Changing only one or two jet number sizes is a really subtle change, and it's a change at mid, to full throttle. Since the jets are flowed, your larger number size replacements might not flow as much fuel. I doubt it's either the cause, or the cure for your drive-ability symptoms. You want to read the porcelain down into the plugs, not just the tips. If the symptom does improve with the larger jets, I think your just masking another problem running a richer mixture. What altitude is this vehicle at when your having the miss? What kind of RPM, and throttle load/open position? You mentioned it has a manual choke, is the engine fully warmed up. You can easily test the rich/lean problem while your driving. If it's lean, it should be cured by just pulling out the choke while your driving at the exact load condition that causes the miss. If it does not fix the miss, you have another issue.

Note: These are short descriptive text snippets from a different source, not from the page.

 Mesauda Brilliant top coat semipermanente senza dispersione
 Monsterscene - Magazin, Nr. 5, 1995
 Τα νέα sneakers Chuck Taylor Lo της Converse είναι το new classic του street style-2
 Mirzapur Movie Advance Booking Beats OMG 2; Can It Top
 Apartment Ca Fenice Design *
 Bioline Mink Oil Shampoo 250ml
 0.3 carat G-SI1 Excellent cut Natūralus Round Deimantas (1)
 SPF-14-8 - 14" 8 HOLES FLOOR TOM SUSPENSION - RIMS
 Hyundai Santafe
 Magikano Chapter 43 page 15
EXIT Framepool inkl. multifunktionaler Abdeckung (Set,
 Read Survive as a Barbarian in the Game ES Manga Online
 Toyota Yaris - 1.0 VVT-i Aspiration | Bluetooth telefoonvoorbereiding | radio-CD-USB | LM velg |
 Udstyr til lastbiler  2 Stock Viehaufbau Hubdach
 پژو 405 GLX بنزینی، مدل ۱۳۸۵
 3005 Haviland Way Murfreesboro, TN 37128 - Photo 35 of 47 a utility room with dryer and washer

While you have the carb top off rechecking your float fuel level, pull the venturi booster, (do not move the accelerator while the booster hold down screw is removed, you will drop the check valve ball into the intake). You want to check the emulsion tubes. The very small holes have to be very clean, you need to make sure they are not partially blocked, or maybe the booster was dropped at some point and the tube bottom is dented/restricted. Make sure they are not cracked. A lean idle circuit can cause your symptoms. By the early 1970's the idle circuits were very lean from the factory in order to meet federal emission numbers.

Sorry for your problems. At this point, I think you need to step back, go to the basics, and recheck everything. Check the plug wires with your ohm meter, check the distributor cap for cracks, etc. What year is your carb? Is this problem one that "just started", or has it been a problem for a longer period?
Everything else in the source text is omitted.